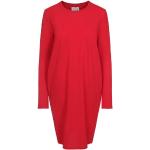 Rote Casual We Norwegians Damenkleider aus Elastan Größe M 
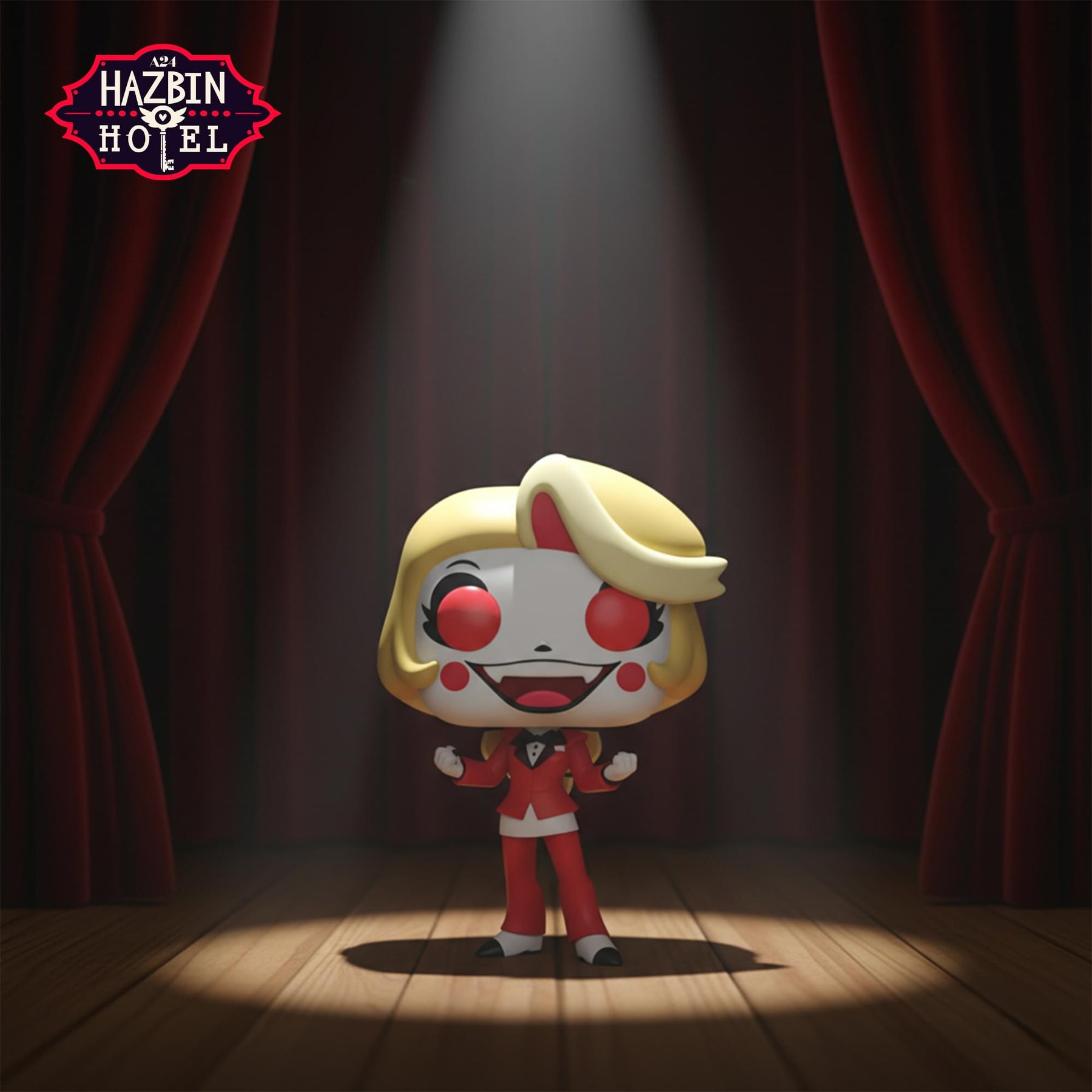 Hazbin Hotel Funko POP Animation | Charlie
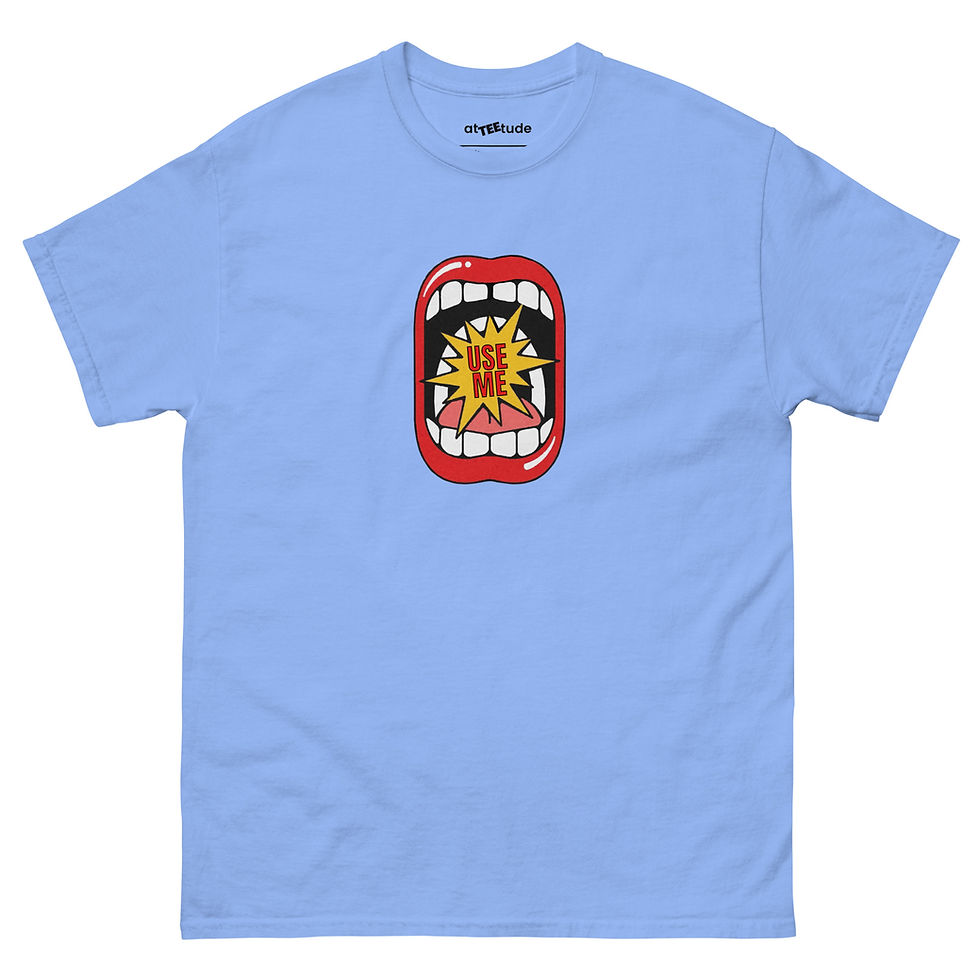 Miniatura: Try me T shirt Unisex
------------------------------------
◆ ACTIVITY ◆
Return exactly the lines that begin with the one containing "Hazbin Hotel Funko POP Animation | Charlie" and end with the final line of the data above; include no pictures.

◆ EXERCISE RESPONSE ◆
 Hazbin Hotel Funko POP Animation | Charlie
 Miniatura: Try me T shirt Unisex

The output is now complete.